Some companies get off-track, however. This occurs when managers try to embed these habits by providing an employee with a transactional reward versus an emotional reward. Transactional rewards generally come in the form of bonuses, titles, reserved parking spots, and extra vacation days. These are much easier to give out, but our research finds that when managers reward their employees at an emotional level—such as through praise, or telling someone how their work has affected someone’s life, or by showing the employee how their work impacts others in the organization or its clients—these emotional rewards hold the most salient power in changing negative or ineffective patterns into habits of success.

With AI and predictive analytics at the forefront of how many companies manage everything from inventories to advertising to sales, how can REITs and real estate companies benefit from these technologies?

AI and predictive analytics are basically information sources, but they don’t tell you how to behave when, say, an employee comes to a manager with a question. However, what these technologies can do is give your organization insights into certain behaviors.

For example, you can look at huge populations of customer data to see how they react to certain offerings or locations. Using predictive analytics can enable you to gauge how investors might react to certain properties or sectors. So, the more that an organization builds these practices into its decision-making process and make them habits, the more potential it has to positively impact performance.

Conversely, it’s very easy to become overwhelmed with data. It’s called “data blindness.” What we know is that when you present someone with ever-increasing data sets in easy-to-access dashboards, they can become overwhelmed and tend to stop looking at it or ignore a lot of the information.
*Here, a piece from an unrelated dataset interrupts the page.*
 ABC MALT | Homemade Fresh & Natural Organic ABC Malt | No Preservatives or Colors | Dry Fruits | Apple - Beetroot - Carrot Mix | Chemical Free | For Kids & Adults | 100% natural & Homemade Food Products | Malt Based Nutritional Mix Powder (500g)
The key to taking data and information and making it into knowledge is called “disfluency.” It’s taking these pieces of information and somehow manipulating them, translating [the information] and making it tangible so that you can actually work with it to see insights. So, in this way, your organization can learn and benefit from all the information that’s out there.

Once you’ve identified these patterns, what are some steps to take to invoke lasting change?

As I mentioned, identifying bad habits in an organization isn’t usually an issue. It’s a lot like when you take up a running or fitness routine after taking a break from it, or when you’ve never had a routine at all. The first stage is diagnostic; maybe you’ve put on weight or are lethargic and you want to feel better. This stage can also be scary. But then you start your routine and suddenly you are challenging your self-image, and things start to change—maybe your eating patterns and diet improve, or your self-image changes. In essence, you’ve changed the cues, routines, and rewards of negative habits and turned them into positive habits and lasting change in the form of better health, higher levels of self-esteem, and more energy.

Charles Duhigg is a Pulitzer Prize-winning investigative reporter for The New York Times and the author of The Power of Habit and Smarter Faster Better. He is a winner of the National Academies of Sciences, National Journalism, and George Polk awards, and is a graduate of Harvard Business School and Yale College.